◆ **Directions for this task**
Without any of the pictures, print every record below exactly.

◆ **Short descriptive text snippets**
⁂

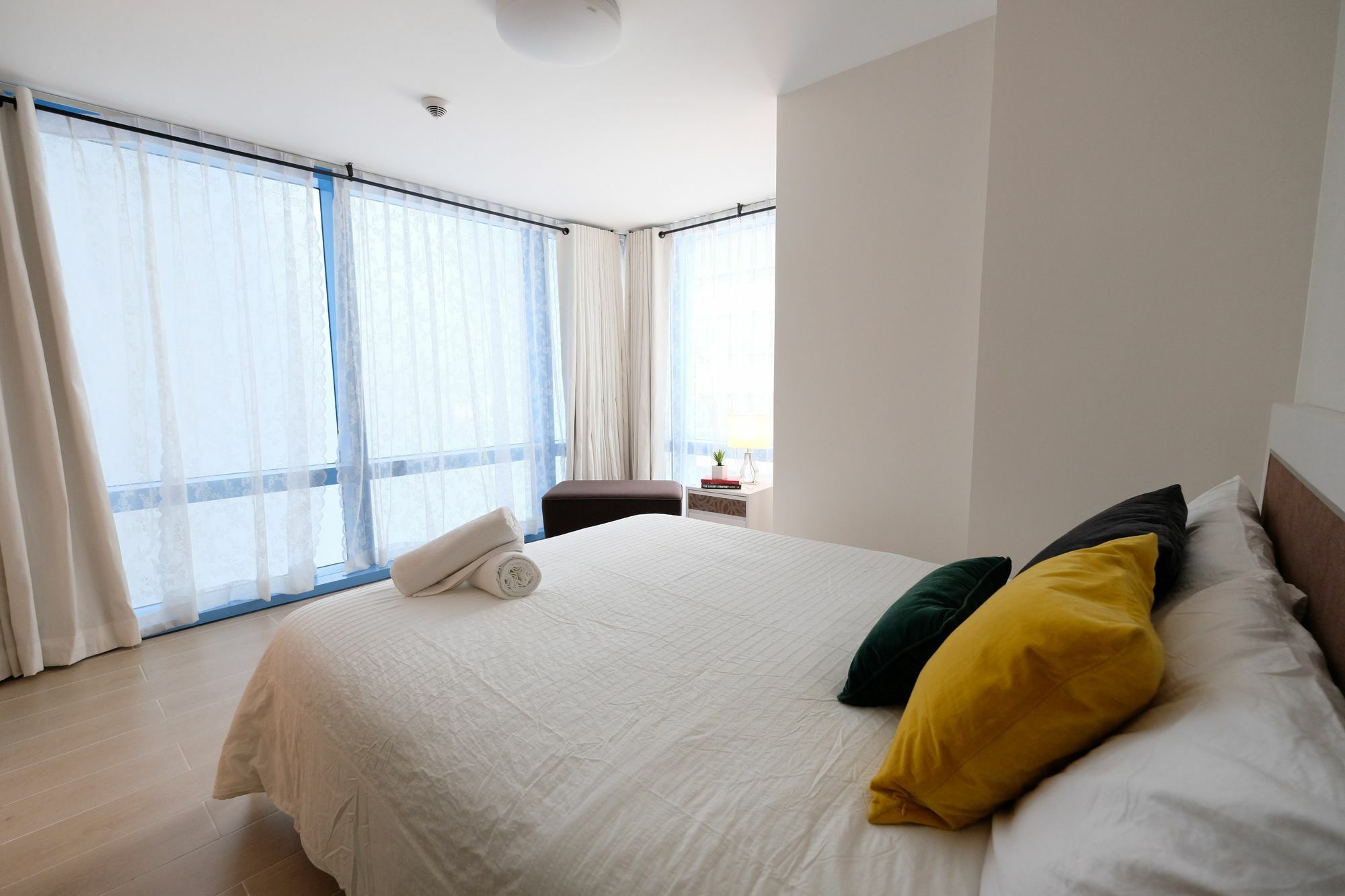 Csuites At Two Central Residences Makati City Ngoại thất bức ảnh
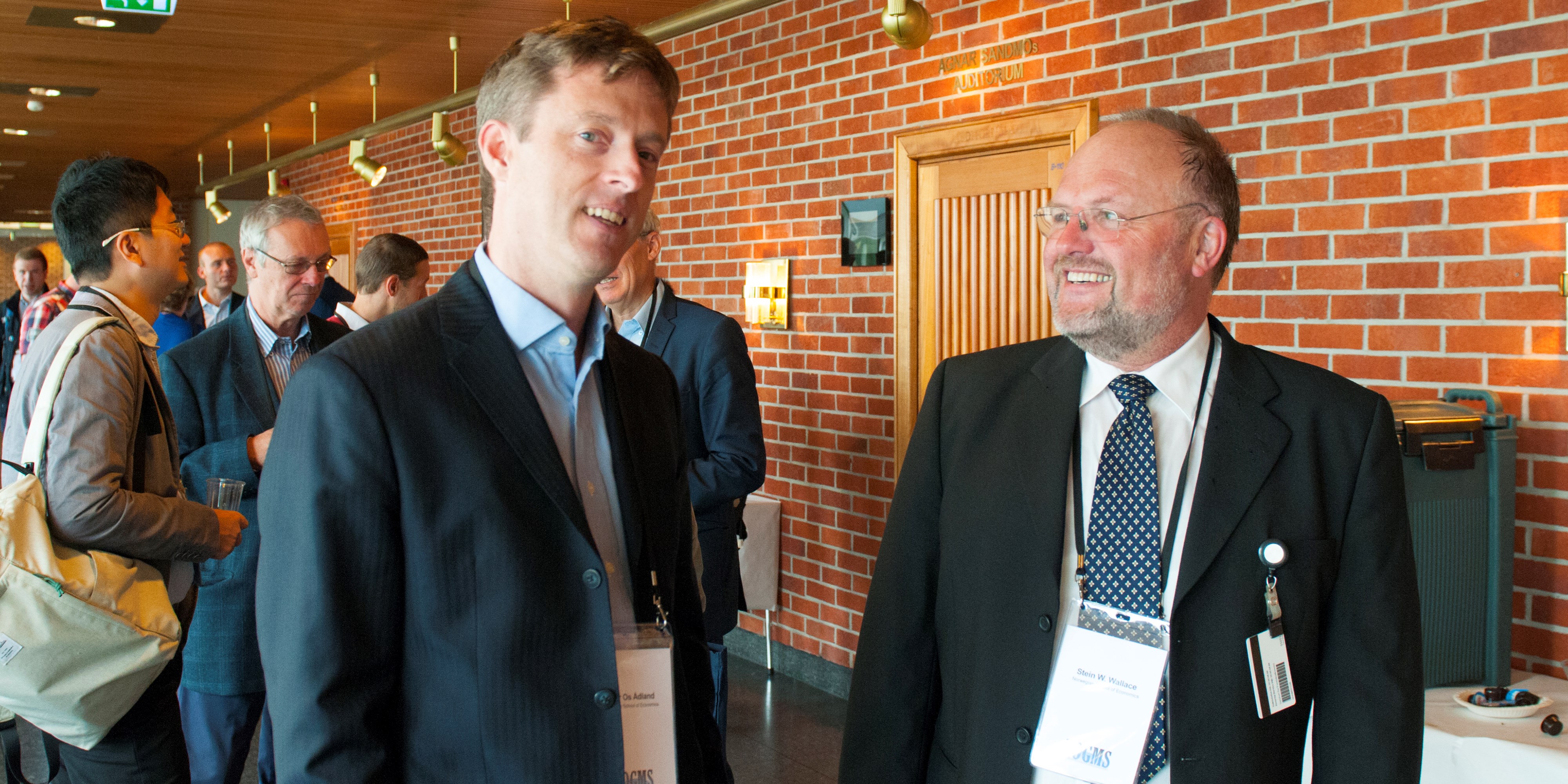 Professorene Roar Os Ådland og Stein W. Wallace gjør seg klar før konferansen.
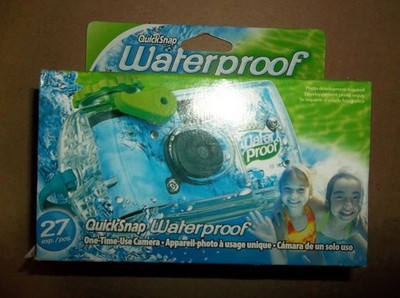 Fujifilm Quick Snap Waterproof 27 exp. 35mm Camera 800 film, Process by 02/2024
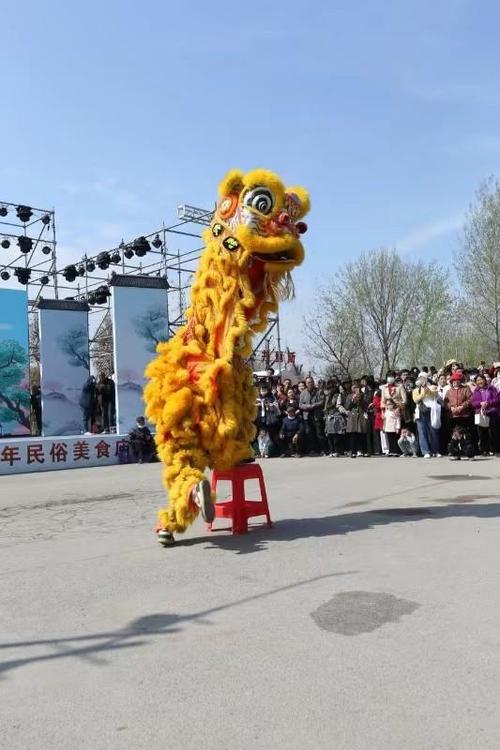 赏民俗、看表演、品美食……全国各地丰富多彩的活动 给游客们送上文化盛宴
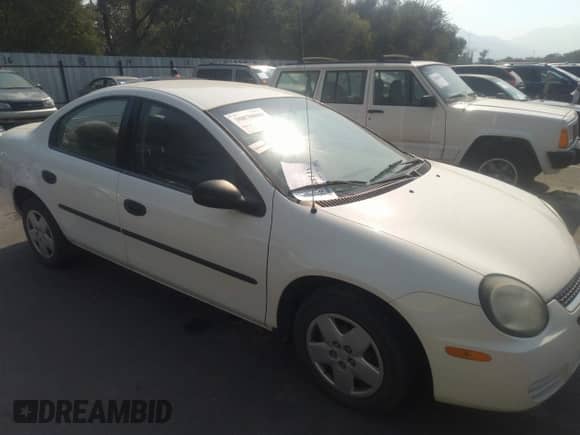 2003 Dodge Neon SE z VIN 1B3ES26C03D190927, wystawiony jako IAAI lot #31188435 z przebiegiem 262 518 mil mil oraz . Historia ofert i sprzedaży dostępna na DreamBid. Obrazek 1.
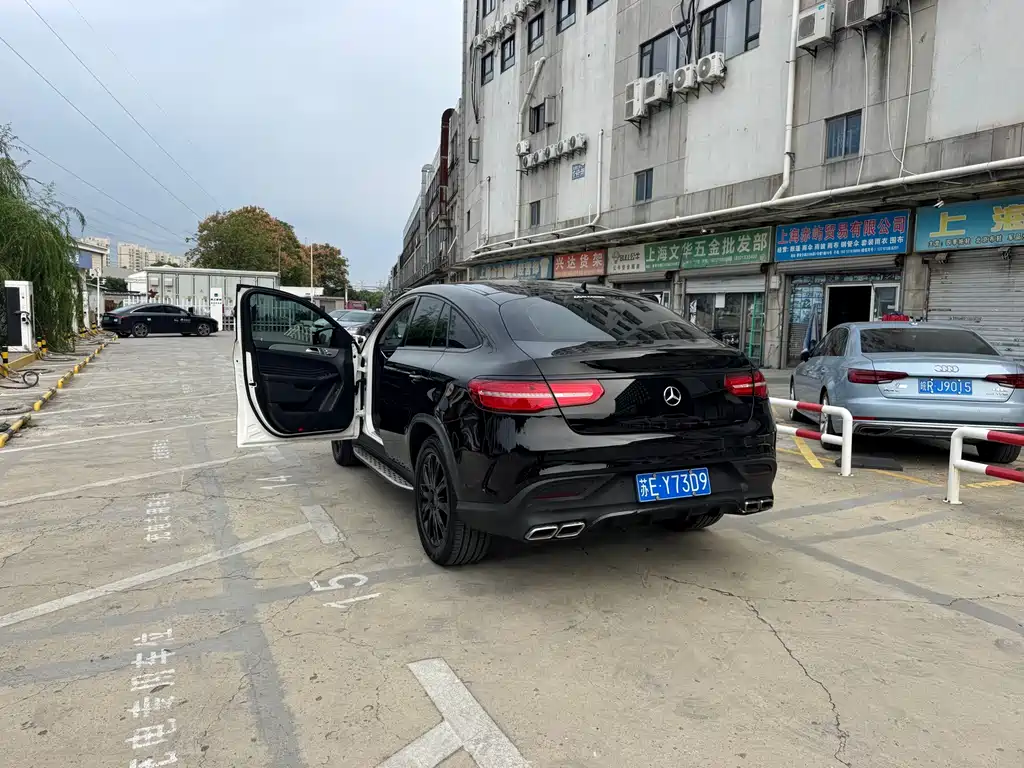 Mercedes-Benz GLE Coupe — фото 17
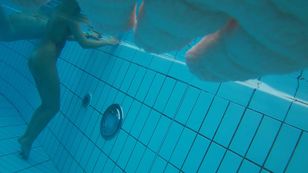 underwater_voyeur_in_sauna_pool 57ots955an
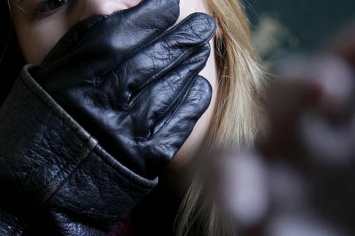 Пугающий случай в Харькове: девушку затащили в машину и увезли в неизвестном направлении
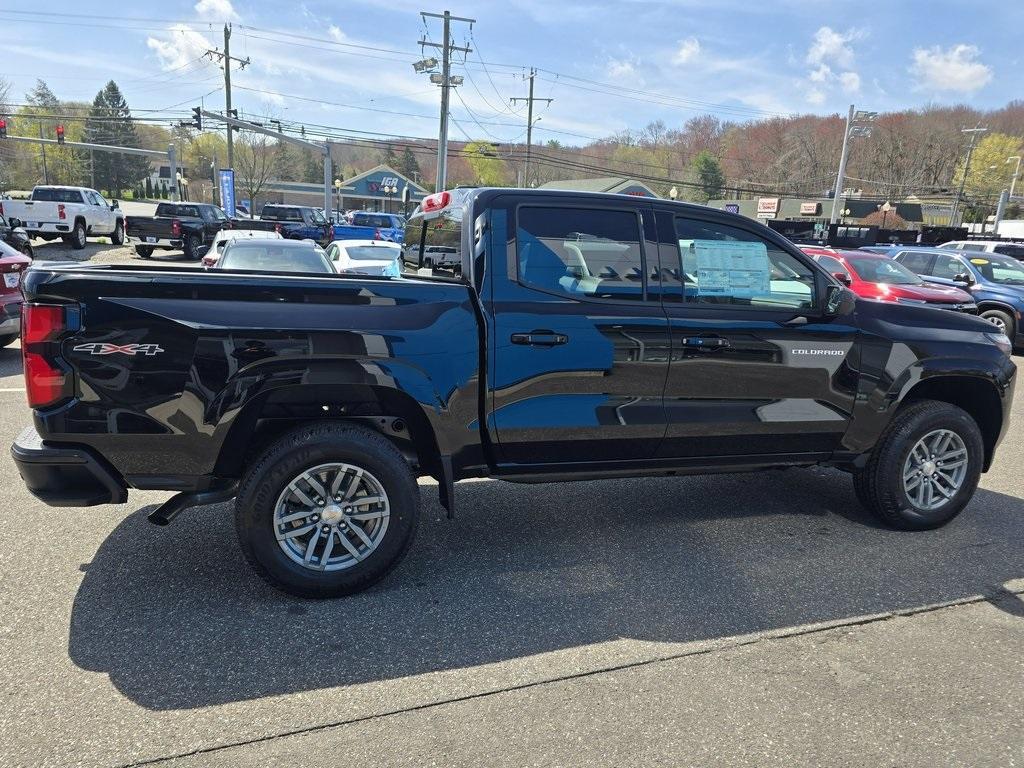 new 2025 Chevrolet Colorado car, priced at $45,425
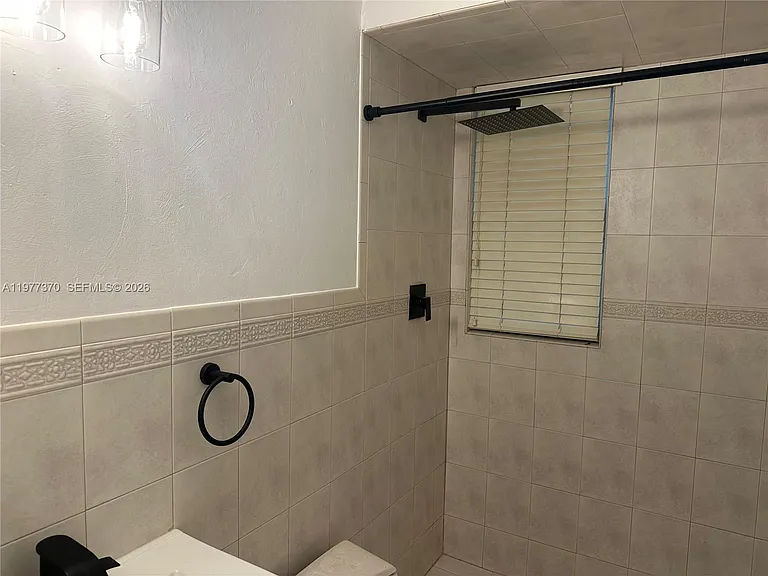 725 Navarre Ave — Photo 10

⁂

◆ **Output of the exercise**
 Csuites At Two Central Residences Makati City Ngoại thất bức ảnh
 Professorene Roar Os Ådland og Stein W. Wallace gjør seg klar før konferansen.
 Fujifilm Quick Snap Waterproof 27 exp. 35mm Camera 800 film, Process by 02/2024
 赏民俗、看表演、品美食……全国各地丰富多彩的活动 给游客们送上文化盛宴
 2003 Dodge Neon SE z VIN 1B3ES26C03D190927, wystawiony jako IAAI lot #31188435 z przebiegiem 262 518 mil mil oraz . Historia ofert i sprzedaży dostępna na DreamBid. Obrazek 1.
 Mercedes-Benz GLE Coupe — фото 17
 underwater_voyeur_in_sauna_pool 57ots955an
 Пугающий случай в Харькове: девушку затащили в машину и увезли в неизвестном направлении
 new 2025 Chevrolet Colorado car, priced at $45,425
 725 Navarre Ave — Photo 10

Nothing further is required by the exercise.